Even if teachers choose to stay remote, every Santa Fe public school will open its doors to students on Monday Feb. 22. The district is moving ahead with plans to open schools in a voluntary hybrid model that will look far from normal for the fraction of students who will come back—though half of those who wanted to return are still shut out of schools.

As of Friday, at least one teacher volunteered to return to all but five of the district's 28 schools. Tesuque Elementary, Salazar Elementary, Piñon Elementary, Kearny Elementary, E.J. Martinez Elementary schools will open without the teaching staff.

In schools where no teachers volunteered, Superintendent Veronica García reiterated to administrators in Thursday's school board meeting, "Unfortunately, I hate to tell you guys, but the leadership will have to make it work and we're going to try to figure out how to support you."

At every school level, students are not returning to "normal" classes. In many instances, students will gather in "cyber cafes" where they will have access to the internet, technology and adult support. In some cases, when teachers are available, students will attend in-person lessons but they should not expect to see all of their classmates. García tells SFR the district wanted to "make sure kids have social emotional support," even if the day-to-day looks different from what students expected.

Against district expectations that more students would respond, only one-third of Santa Fe's 12,500 students expressed interest in returning to in-person learning, García reported on Thursday. Of these 4,000 wanting to return, 1,990 are elementary and middle school students placed on a waiting list to join in-person lessons when it becomes feasible.

As of Thursday, 1,774 students—14% of the district total—are joining 290 teachers and staff members in classes on Monday. That number comprises about 20% of the total school site staff, according to an SFPS spokesman. For those younger students who expressed interest in returning to school, principals determined eligibility based on need. At Milagro Middle School, Principal Brenda Korting developed a priority system to target students most severely disadvantaged by virtual learning.

"We have criteria…students that haven't had the internet, so if you've struggled with internet accessibility, special education students, so if you want to come back and you have IEP needs, we certainly want to meet those. We're also looking at students with attendance problems and are failing, have more than two Fs," she says.

But the number of spaces open to students is contingent on the number of staff returning, says Piñon Elementary School Principal Janis Devoti.

"Right now I have five staff members. And those aren't necessarily teachers," says Devoti. "We're spread thin. The district has been very, very helpful. They're trying to get a sub so that the assistant principal and myself—we are among those five right now—can do a little bit more of what we need to."

At Aspen Community School, every 4th to 8th grader who requested to come back into the building on Monday can do so under the supervision of the four returning teachers and staff. Principal Tina Morris tells SFR of her decision was to target older students in the school, "who are better able to self regulate," while learning in the "internet cafe" environment that her school will implement next week.

Secondary schools tell a different story, "We have no one on waiting lists at the high schools," said García.

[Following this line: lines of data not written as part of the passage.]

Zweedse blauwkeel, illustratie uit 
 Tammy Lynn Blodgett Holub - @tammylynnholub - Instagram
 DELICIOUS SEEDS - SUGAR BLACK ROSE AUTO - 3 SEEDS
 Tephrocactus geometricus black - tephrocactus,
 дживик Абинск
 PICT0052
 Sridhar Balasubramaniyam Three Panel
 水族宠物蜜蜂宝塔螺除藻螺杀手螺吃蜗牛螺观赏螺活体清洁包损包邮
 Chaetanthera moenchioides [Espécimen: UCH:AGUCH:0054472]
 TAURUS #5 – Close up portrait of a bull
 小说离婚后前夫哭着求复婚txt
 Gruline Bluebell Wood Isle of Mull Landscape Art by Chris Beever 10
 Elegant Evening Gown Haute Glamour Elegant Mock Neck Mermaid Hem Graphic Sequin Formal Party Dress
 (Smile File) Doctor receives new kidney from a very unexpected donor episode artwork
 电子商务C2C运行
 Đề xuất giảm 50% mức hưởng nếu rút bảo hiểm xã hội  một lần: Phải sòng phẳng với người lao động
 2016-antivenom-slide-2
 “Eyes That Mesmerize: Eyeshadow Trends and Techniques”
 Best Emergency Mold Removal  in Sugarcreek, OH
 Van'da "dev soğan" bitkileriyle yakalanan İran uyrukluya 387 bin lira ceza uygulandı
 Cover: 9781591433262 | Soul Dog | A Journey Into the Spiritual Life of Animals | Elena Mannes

García cited several reasons for the unexpected low interest at the high school level. "When the students found out, 'Well I'll be in the A cohort and my friends are in the B cohort, I don't necessarily want to come back. I'd just rather stay home if I can't really hang with my friends. Or not all of my teachers are gonna be back and I thought…it would look like life like normal.'"

In addition to pervasive hesitancy over safety, older students and their families would prefer to wait until teachers return in mass when vaccinations are available. "I don't think it really sunk in, what hybrid meant," said García.

Schools hope to draw students back with extracurricular activities. Though under strict guidance from the New Mexico Activities Association, schools must adhere to certain parameters to run these programs. These recently updated guidelines stipulate that schools open in a hybrid model can begin activities only after a 14-day waiting period. Schools that report a new of COVID-19 case will have to wait out that time frame before resuming activities.

While the district made efforts to ensure buildings are safe and guidelines are clearly outlined, the hesitance of both students and staff suggests that safety concerns still run high. With teacher vaccinations seemingly around the corner, those who are able to maintain the status quo are choosing to shelter in place.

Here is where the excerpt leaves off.